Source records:

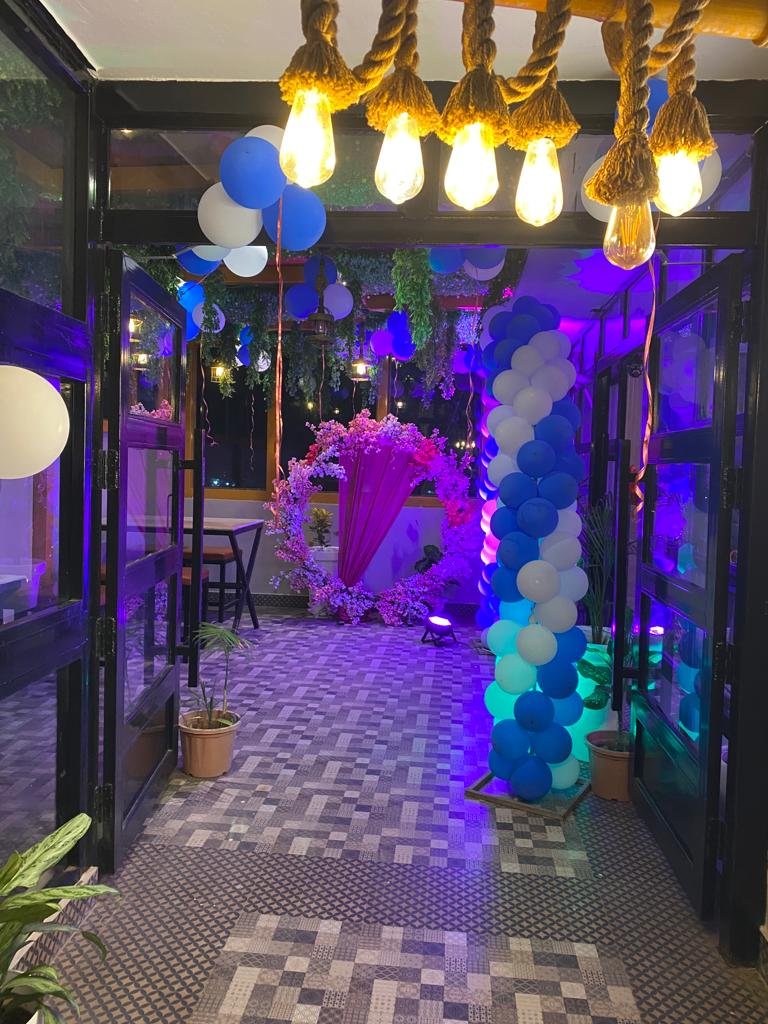 Event Entrance Floral Ring & Edison Light Decor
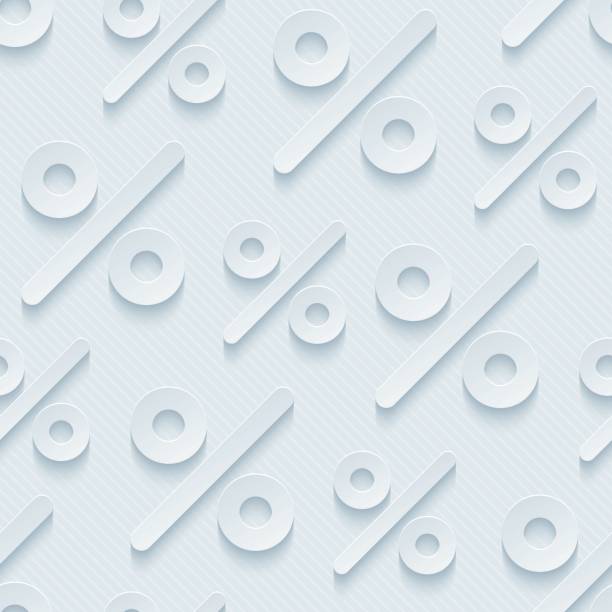 Percent symbols seamless wallpaper pattern. Percent symbols seamless wallpaper pattern. 3d tileable cut out paper background. tax backgrounds stock illustrations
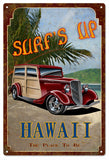 Surfs Up Hawaii Sign with Woody 12x18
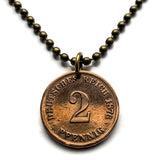 1876 Germany Deutschland 2 Pfennig coin pendant necklace jewelry German eagle Berlin Munich Cologne Frankfurt Hamburg Stuttgart Bavaria Düsseldorf Leipzig Dortmund Bremen Dresden Hanover Rothenburg Nuremberg n000943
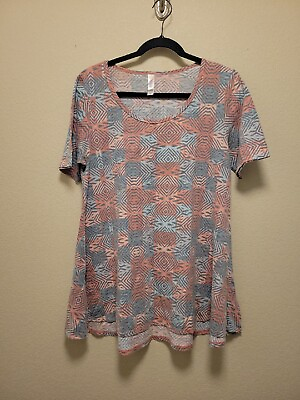 #ad Lularoe Multicolor Red Pink Blue Aztec Design Shirt Size Medium Short Sleeve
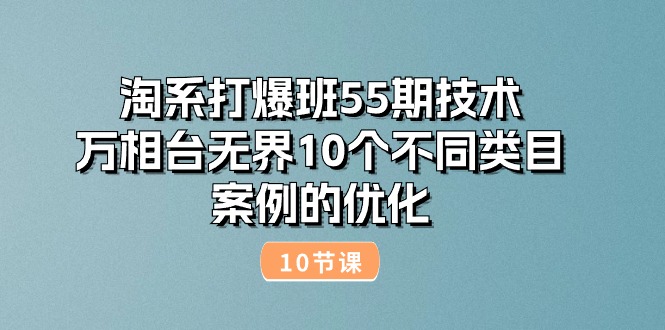 淘系打爆班55期技术：万相台无界10个不同类目案例的优化（10节）-吾藏分享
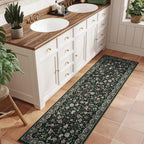 Rugcomf Vintage Paisley Kitchen Runner Rug 2'x6' - Machine Washable, Non-Slip Low Pile Floral Carpet for Laundry, Bedroom, Bathroom - Green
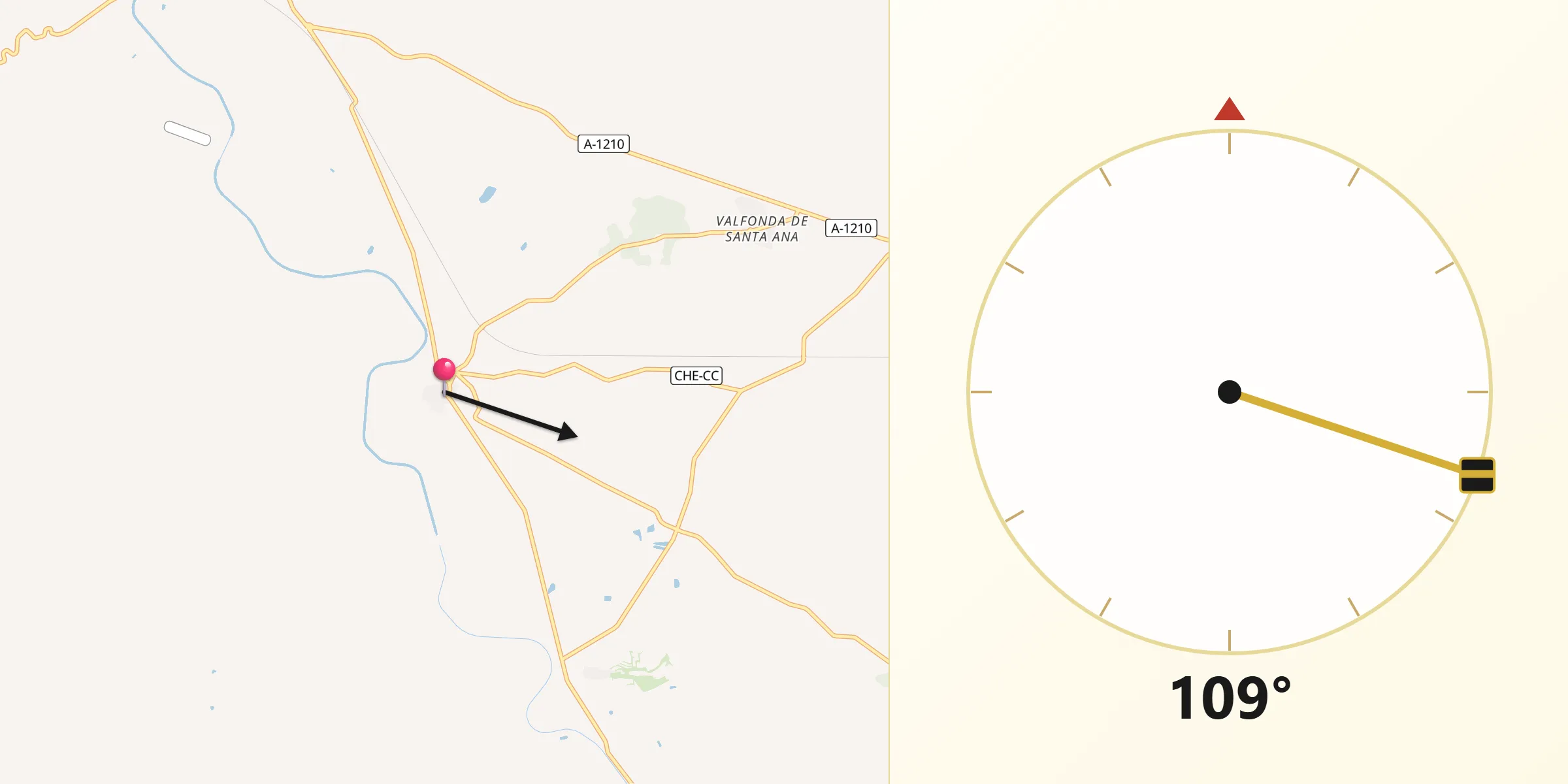 Dirección de la Qibla desde Torralba de Aragón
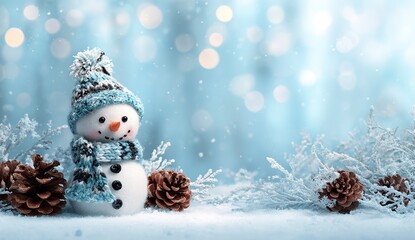 Cute snowman with knitted blue hat and scarf in snowy winter scene, Christmas decoration with frosty branches and bokeh lights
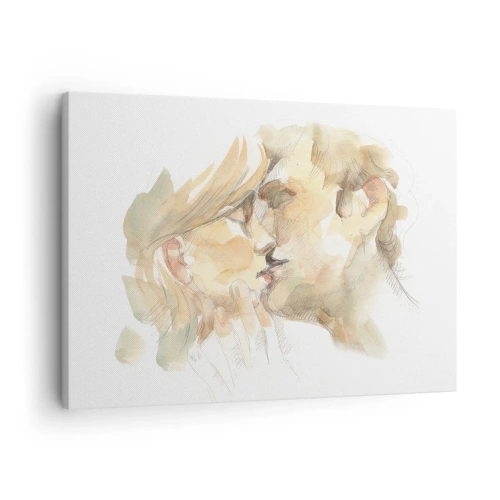 Quadro em tela - Retrato romântico em aquarela de um casal se beijando - 70x50cm - A outra metade foi encontrada? - Decoração de parede moderna para a sala de estar e quarto ARTTOR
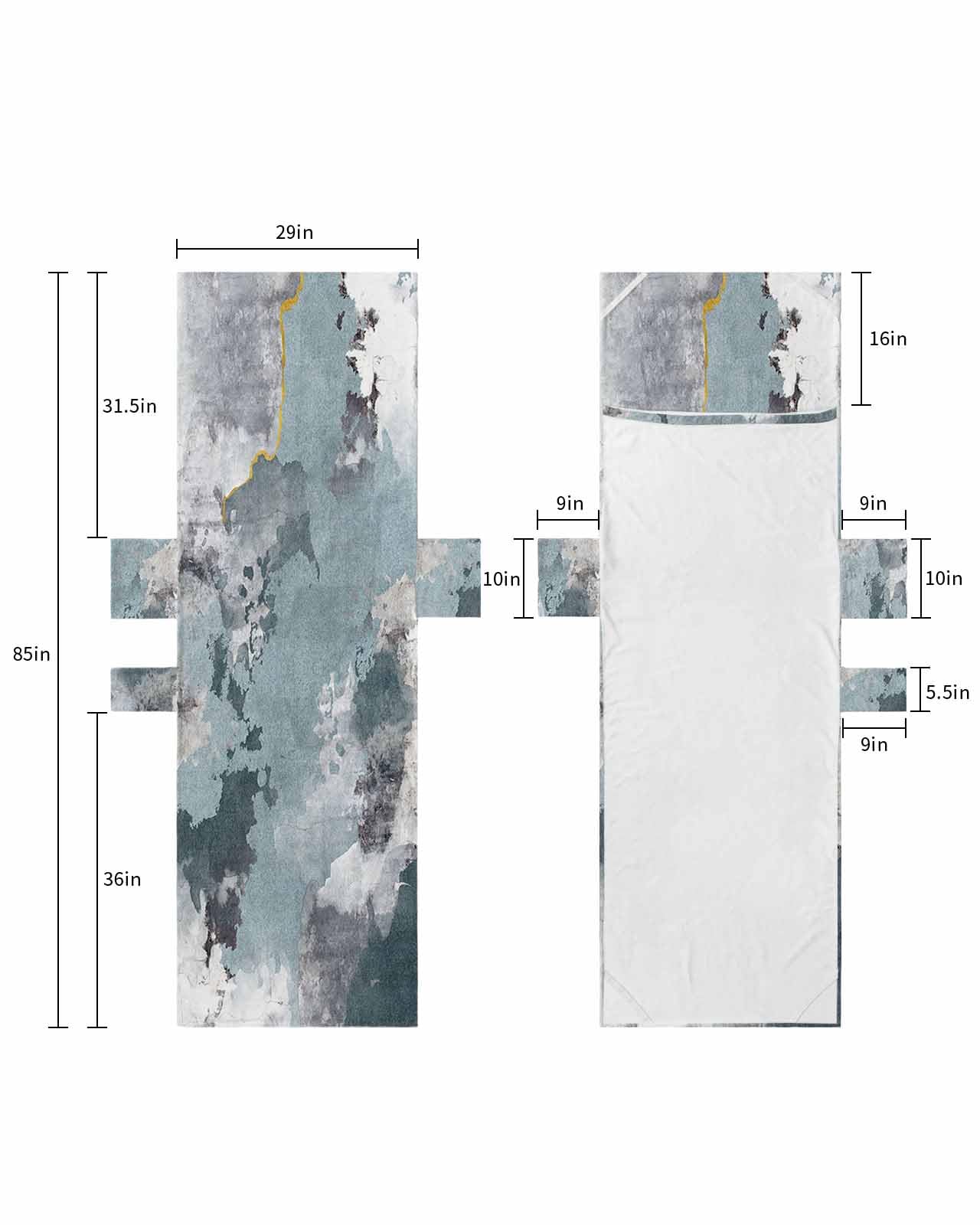 Ombre Grey Teal Beach Pool Patio Lounge Chaise Chair Cover Towel With Pockets,Absorbent & Quick Dry Microfiber Towel Cover Bag Summer Travel Accessories for Sunbathing Modern Art Abstract Ink Painting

**TASK DETAILS:** Copy back exactly the lines above from the one containing "#ad Lularoe Multicolor" through the one containing "Rugcomf Vintage Paisley", and leave every picture behind.

**EXERCISE ANSWER:**
 #ad Lularoe Multicolor Red Pink Blue Aztec Design Shirt Size Medium Short Sleeve
 淘系打爆班55期技术：万相台无界10个不同类目案例的优化（10节）-吾藏分享
 Rugcomf Vintage Paisley Kitchen Runner Rug 2'x6' - Machine Washable, Non-Slip Low Pile Floral Carpet for Laundry, Bedroom, Bathroom - Green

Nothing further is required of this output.